CHICAGO (WLS) --No charges have been filed in Saturday's shooting at the Bud Billiken Parade that wounded two teenagers, but the event's organizers raised concern Sunday over how the media covered the violence at the otherwise peaceful celebration.
Parade organizers say that there were dozens of floats, performers and marching bands that should have been highlighted, but were not, simply because the Chicago media chose to focus on the violence and not the best of the parade.
"I think this idea that of if bleeds it leads could use a little bit of tweaking," said Bud Billiken Parade Director Beverly Reed Scott.
Reed Scott expressed her disappointment over how the media covered the shooting at Saturday's parade.
"The shooting was one tenth of one percent of what occurred (Saturday)," she said. "Ninety-nine and nine-tenths of the Bud Billiken Parade was the most awesome spectacle I have seen this year."
Reed Scott made her comments just feet from where an 18-year-old man and a 17-year-old boy were shot and wounded while standing near 42nd and King Drive, adjacent to parade route for the 85th annual event organized by the Chicago Defender Charities.
"A shooting that happened just took the spotlight away from these kids," said Chantel House, Chicago Defender Charities. "They worked so hard all year for this."
The parade did continue despite the shooting, which was the first in the events history.
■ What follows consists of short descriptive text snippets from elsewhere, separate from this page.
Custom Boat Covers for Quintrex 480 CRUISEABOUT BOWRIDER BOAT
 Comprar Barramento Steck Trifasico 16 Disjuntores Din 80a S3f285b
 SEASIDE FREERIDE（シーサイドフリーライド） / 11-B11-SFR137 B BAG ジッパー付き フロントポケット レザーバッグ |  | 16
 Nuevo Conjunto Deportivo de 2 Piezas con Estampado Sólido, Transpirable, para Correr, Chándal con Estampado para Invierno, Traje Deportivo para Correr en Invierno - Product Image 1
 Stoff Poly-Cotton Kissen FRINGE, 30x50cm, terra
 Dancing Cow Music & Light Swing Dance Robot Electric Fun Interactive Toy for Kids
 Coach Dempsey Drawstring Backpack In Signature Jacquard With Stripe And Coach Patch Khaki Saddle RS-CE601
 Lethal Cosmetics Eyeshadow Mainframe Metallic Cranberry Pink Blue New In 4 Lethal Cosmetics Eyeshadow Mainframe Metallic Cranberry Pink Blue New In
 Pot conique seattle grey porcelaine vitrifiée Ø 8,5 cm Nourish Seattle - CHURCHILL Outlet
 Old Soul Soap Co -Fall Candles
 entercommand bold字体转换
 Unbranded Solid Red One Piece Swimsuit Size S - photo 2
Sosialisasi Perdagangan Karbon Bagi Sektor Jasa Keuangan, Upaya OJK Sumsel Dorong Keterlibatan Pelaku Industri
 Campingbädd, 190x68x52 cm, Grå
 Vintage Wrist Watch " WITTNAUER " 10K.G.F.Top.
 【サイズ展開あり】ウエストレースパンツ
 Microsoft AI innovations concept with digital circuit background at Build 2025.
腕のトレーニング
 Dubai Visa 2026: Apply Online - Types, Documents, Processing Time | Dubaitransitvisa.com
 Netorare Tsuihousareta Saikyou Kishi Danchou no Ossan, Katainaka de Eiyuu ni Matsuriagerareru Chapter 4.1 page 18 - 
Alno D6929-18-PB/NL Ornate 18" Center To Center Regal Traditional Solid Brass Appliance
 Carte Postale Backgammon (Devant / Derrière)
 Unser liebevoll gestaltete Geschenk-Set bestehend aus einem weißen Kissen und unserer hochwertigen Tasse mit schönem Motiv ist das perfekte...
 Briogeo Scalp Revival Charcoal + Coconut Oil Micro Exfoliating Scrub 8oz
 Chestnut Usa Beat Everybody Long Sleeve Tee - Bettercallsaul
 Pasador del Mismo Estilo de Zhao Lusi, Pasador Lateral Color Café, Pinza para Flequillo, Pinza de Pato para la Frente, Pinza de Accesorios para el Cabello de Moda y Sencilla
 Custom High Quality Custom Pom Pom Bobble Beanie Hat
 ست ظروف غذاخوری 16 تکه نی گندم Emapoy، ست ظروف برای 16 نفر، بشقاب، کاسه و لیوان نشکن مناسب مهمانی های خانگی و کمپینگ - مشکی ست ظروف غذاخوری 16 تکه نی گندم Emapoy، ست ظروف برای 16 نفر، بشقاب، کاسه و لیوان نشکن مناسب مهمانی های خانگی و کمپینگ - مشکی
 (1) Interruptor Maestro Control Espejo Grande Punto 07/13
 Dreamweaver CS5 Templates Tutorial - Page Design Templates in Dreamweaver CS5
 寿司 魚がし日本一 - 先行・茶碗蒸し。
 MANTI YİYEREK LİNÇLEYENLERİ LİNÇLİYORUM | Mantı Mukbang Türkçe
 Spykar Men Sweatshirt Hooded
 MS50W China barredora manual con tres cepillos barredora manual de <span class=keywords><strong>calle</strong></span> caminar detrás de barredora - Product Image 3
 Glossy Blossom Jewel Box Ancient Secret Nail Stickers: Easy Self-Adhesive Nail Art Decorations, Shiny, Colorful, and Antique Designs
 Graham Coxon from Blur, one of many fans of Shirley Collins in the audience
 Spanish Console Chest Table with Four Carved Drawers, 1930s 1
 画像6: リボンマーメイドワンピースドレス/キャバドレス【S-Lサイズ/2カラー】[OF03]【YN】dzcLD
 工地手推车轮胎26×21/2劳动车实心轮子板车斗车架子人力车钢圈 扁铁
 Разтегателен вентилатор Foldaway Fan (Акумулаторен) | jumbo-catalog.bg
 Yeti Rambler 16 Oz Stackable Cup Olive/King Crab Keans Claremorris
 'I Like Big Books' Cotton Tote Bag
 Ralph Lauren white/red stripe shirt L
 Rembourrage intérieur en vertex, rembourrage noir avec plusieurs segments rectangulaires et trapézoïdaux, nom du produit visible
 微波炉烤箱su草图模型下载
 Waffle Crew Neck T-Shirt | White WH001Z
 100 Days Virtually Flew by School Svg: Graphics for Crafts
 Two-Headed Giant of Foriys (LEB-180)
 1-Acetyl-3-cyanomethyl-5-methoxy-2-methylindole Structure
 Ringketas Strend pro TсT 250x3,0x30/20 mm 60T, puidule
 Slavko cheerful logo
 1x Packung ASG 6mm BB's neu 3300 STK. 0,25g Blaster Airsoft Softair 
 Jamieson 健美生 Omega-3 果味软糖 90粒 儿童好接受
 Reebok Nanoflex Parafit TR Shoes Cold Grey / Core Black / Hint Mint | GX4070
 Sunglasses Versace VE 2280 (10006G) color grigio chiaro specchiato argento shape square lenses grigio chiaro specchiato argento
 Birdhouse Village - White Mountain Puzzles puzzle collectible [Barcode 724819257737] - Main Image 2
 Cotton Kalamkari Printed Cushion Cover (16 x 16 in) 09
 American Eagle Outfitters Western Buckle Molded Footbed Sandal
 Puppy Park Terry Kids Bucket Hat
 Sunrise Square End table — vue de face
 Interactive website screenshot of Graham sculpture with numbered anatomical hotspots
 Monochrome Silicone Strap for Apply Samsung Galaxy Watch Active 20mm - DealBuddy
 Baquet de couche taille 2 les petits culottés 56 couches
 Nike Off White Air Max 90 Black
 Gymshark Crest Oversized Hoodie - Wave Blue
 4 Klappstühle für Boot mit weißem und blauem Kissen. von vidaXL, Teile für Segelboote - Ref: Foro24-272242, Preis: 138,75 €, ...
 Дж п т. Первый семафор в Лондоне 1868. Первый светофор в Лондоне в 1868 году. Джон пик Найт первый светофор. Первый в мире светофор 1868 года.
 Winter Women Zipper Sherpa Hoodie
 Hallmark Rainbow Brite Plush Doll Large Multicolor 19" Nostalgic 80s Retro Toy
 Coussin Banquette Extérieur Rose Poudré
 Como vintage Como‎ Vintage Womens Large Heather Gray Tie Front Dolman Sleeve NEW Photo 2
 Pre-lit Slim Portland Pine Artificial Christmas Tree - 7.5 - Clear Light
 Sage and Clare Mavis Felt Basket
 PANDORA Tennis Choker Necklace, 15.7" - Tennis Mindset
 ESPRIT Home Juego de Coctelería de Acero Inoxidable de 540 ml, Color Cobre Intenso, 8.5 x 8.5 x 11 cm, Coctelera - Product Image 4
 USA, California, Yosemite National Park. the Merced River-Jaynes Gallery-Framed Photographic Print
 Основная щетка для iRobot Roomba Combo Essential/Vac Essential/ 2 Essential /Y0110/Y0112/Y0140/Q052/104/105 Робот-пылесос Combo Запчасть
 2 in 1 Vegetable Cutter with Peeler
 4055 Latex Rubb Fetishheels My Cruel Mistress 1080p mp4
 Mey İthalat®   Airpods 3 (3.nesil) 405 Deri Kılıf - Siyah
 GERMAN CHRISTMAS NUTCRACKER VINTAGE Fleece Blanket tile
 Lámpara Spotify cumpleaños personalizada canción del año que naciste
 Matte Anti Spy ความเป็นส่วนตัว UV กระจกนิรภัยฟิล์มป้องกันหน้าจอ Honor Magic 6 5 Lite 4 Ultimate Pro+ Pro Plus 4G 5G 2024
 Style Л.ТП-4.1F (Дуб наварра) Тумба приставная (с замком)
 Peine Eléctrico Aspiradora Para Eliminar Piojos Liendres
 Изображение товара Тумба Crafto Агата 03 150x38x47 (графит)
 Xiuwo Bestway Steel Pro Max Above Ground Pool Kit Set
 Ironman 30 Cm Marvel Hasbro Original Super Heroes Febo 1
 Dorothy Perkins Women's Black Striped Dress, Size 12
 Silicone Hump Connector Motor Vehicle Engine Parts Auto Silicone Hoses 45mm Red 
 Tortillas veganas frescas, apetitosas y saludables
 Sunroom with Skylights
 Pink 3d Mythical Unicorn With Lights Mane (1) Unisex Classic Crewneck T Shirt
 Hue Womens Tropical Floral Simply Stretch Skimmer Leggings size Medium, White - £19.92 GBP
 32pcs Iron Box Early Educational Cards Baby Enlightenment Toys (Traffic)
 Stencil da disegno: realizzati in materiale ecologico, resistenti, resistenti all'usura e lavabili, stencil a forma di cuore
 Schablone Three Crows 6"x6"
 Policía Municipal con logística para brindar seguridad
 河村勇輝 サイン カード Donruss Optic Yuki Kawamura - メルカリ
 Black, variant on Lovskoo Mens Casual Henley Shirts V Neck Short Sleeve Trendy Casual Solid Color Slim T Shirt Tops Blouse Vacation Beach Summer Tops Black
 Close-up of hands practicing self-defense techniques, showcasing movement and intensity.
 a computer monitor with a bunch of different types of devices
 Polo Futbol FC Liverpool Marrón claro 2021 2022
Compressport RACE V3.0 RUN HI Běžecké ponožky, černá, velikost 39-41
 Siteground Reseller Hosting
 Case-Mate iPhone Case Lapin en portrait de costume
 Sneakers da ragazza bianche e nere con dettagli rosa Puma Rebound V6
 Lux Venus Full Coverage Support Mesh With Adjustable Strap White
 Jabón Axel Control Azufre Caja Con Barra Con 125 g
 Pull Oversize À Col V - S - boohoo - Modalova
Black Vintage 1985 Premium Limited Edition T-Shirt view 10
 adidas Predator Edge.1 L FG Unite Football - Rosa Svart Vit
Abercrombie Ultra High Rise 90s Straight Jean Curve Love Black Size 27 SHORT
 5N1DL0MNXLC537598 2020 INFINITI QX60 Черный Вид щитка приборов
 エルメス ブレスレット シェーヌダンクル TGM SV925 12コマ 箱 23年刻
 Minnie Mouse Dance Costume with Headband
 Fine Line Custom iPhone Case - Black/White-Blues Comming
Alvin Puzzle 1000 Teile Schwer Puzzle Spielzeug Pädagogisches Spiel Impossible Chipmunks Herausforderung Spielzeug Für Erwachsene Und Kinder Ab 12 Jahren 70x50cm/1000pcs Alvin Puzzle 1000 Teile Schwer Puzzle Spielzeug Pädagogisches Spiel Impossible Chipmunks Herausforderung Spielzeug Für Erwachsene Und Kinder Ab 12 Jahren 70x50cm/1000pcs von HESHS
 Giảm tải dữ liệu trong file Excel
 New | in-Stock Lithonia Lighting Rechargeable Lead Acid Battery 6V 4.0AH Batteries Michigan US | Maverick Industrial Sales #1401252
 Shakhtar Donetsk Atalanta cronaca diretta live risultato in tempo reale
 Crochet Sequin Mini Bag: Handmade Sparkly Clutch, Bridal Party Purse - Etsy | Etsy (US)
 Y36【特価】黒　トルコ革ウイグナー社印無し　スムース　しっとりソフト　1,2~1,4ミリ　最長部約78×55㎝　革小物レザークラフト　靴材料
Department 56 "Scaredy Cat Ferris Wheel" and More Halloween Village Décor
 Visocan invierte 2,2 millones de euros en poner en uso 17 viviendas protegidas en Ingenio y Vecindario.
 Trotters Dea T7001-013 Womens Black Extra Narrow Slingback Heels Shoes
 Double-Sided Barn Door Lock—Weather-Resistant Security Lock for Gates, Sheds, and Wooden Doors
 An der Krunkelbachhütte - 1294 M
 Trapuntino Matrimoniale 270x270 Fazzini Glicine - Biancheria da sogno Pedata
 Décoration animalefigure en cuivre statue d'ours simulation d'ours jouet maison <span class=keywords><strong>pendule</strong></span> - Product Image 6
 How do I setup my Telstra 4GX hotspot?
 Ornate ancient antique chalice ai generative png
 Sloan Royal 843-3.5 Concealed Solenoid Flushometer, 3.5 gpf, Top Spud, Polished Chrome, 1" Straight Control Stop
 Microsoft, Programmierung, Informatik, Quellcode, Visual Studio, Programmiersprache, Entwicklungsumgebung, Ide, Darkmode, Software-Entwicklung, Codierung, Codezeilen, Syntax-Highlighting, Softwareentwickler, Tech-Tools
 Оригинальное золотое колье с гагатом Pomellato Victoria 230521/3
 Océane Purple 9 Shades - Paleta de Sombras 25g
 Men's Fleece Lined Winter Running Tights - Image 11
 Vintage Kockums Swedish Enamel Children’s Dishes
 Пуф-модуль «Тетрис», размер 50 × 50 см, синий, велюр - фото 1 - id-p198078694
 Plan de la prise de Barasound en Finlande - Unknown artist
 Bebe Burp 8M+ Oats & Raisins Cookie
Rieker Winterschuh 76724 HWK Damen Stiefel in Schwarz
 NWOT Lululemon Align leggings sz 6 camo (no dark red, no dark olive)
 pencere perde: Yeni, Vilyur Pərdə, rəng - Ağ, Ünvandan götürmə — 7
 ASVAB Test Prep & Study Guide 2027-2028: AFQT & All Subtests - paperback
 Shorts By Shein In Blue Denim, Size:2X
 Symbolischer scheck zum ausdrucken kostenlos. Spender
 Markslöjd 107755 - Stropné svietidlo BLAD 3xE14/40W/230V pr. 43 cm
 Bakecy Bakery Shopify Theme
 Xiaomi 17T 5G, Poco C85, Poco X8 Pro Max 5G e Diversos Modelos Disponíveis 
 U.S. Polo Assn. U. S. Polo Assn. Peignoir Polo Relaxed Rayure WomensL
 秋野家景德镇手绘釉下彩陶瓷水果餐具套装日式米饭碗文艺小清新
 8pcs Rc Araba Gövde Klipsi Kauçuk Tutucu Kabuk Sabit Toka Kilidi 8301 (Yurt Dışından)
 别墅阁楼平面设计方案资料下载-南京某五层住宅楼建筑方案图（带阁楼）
Organizers say local media coverage chose to focus on the violence and not positives, like the celebration of education, or that hundreds of thousands came to the parade, which saw its largest turnout in the last five years.
"It's almost like you've got to be the change you want to see, so if you guys expect them to be a certain type of way, show them that that's what they can be," said Parade Marshal Tracey Reed.
Others, including local rapper Carlton Johnson, say in today's culture, media influence is key especially when it comes to glorifying violence.
"If the cameras don't show it, there's no stars. Everybody want to be a star," Johnson said.
The parade, an African-American tradition in Chicago, is held each summer as a reminder to students it's almost time to head back to school. And Bronzeville resident Karen DeGrasse hopes it can stay that way.
"If my kids aren't proud of the area that they live in, then they're not as proud to be who they are and where they're from," she said.
Organizers said that they don't think the violence will taint the sanctity of the parade. They also say that families will continue to make the parade a part of their tradition.
Police say there is nobody in custody and no arrests have been made in connection with the shooting.